▶ **EXERCISE GOAL**: Your answer should hold exactly the lines below from the line with "ABIN6277805 at 1/100" through the line with "containing a ...", both included, and no pictures at all.

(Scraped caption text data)
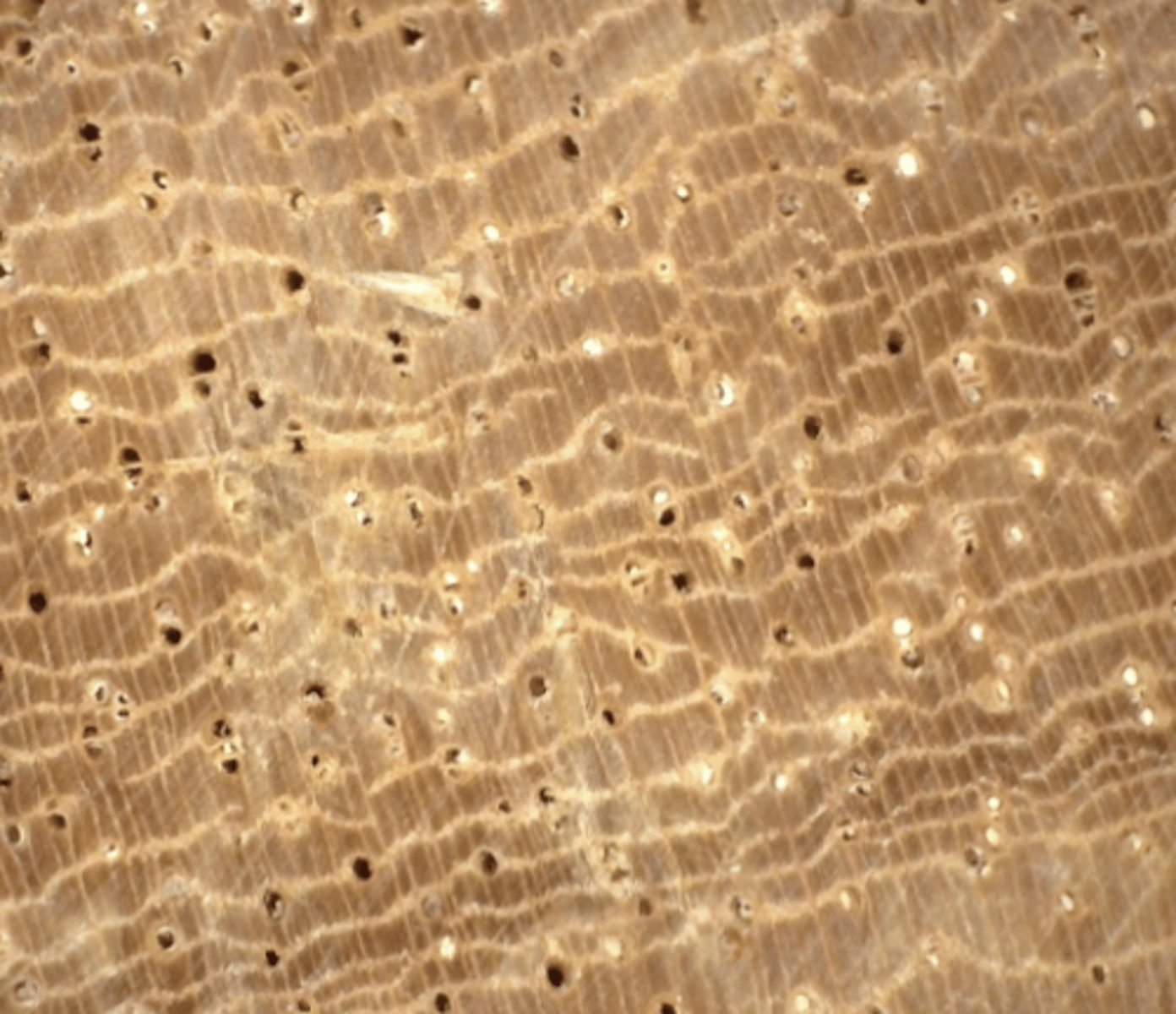 <p>Light brown, white and orange deposits, concentric parenchyma, light</p>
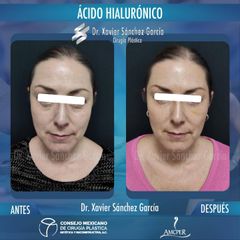 Ácido hialurónico - Dr. Xavier Sánchez García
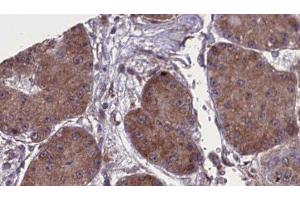 ABIN6277805 at 1/100 staining Human liver cancer tissue by IHC-P. (NCR1 抗体  (Internal Region))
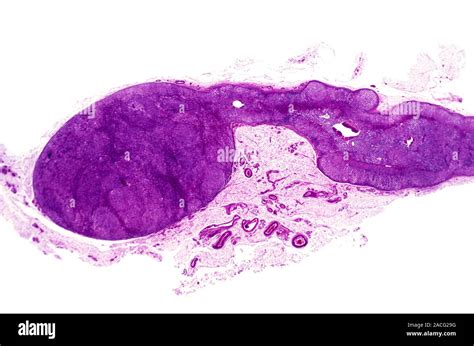 Adrenal gland tumour. Light micrograph of a section through an adrenal gland containing a ...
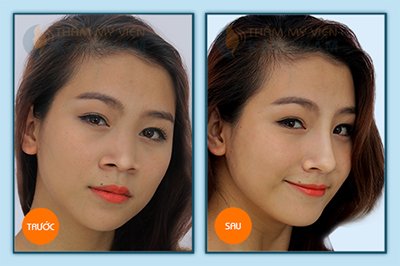 Nâng mũi bằng sụn tự thân an toàn tuyệt đối hiệu quả ổn định, lâu dài. Phẫu thuật nâng mũi được bao lâu?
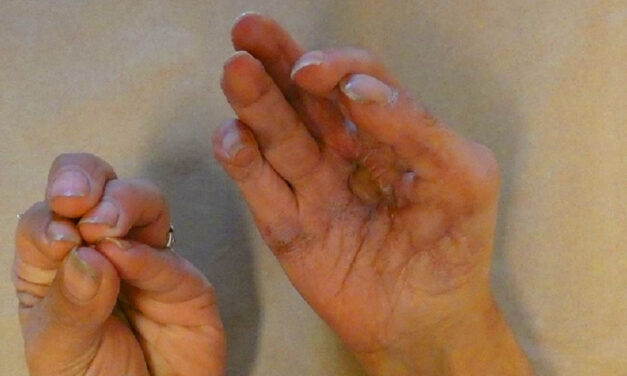 Bekapta az egyik dolgozó kezét a baromfifeldolgozóban a bőrlehúzó gép, maradandó sérülést szenvedett az asszony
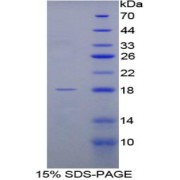 SDS-PAGE analysis of Rat FABP1 Protein.
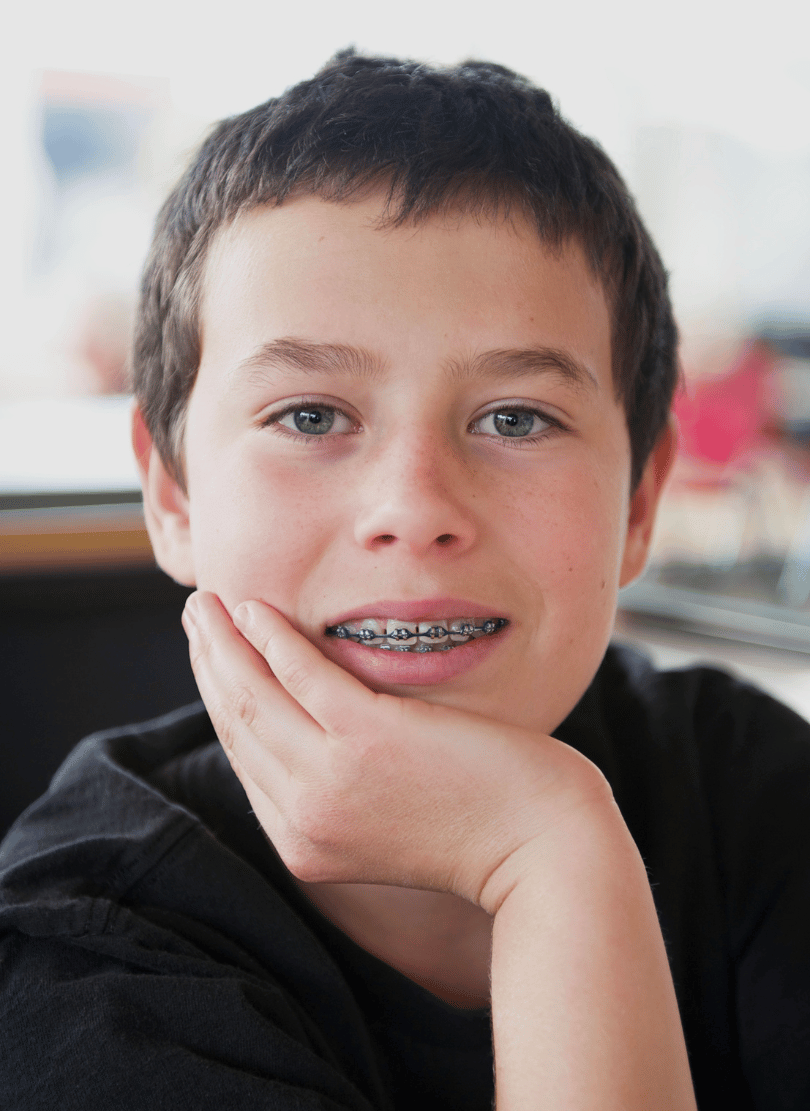 Childrens Braces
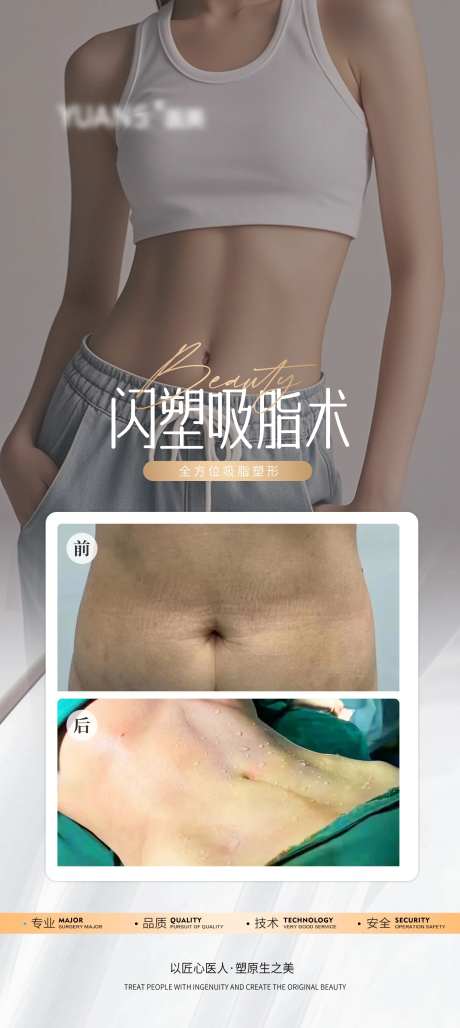 吸脂瘦腰案例-采灵感-https://www.cailinggan.com/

▶ **RESPONSE TO THIS TASK**:
 ABIN6277805 at 1/100 staining Human liver cancer tissue by IHC-P. (NCR1 抗体  (Internal Region))
 Adrenal gland tumour. Light micrograph of a section through an adrenal gland containing a ...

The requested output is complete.